Footballer arrested in match fixing scandal

match fixing scandal
Publish: November 26, 2013

A former Premier League player is among six people arrested as part of a match fixing scandal in the UK. Delroy Facey, a journeyman pro who played over 450 games, including two years with Bolton in the top echelon, as well as Bradford, Burnley and West Bromwich Albion and a host of other sides further down the leagues, is allegedly part of a betting ring who rigged matches in the Football Conference, the fifth tier of professional football in England. He now acts as a players’ agent.

The National Crime Agency, who has been working in association with the Football Association and the Gambling Commission, has said that at least three of the six arrested are professional footballers.
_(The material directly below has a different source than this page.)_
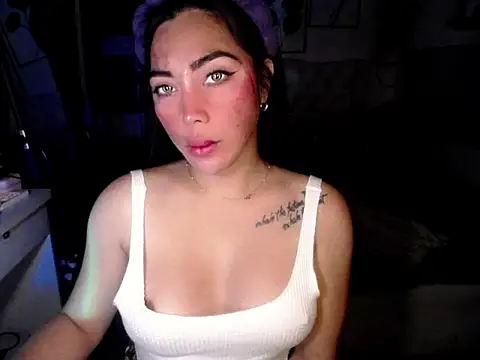 Snapshot of kristinestar chatting on March 2026 11:18:01 PM kristinestar online show from March 2026 11:18:01 PM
The betting syndicate, believed to be operating out of Asia, is thought to have been attempting to influence the results of games right across Britain. While it is believed that no Premier League or Championship games have been targeted, recent cases in other countries such as Spain, Italy and Australia have shown that matches at the highest level are not necessarily immune.

When a known match fixer from Singapore arrived in the UK, a national newspaper secretly recorded conversations with him in a sting operation in Manchester, in which he claimed that matches in the lower leagues of English football could be fixed for as little as NZD$100,000 and that huge amounts of money could be made by betting on these games on unregulated Asian sports betting websites. He was able correctly to predict the outcome of forthcoming games as a means of substantiating his claims.

In addition, the man also claimed to be able to influence the results of games in other European countries through his control both of teams and referees. He said that the ring aimed to manipulate both half-time and full-time scores, to enable gamblers more opportunities to maximise their profits. Some players were, he said, paid up to NZD$10,000 to receive a yellow card early in the game as a signal to those in the know that the result of the match has been successfully ‘fixed’. Players in lower leagues were targeted because they were not paid as highly as their counterparts at the top of the profession, making them more vulnerable to bribery.

The men who have been arrested are believed to have been charged under bribery and fraud laws, and are currently being held at a police station on the Midlands. It is thought that at present, investigations are being undertaken into match fixing in over 60 countries around the world.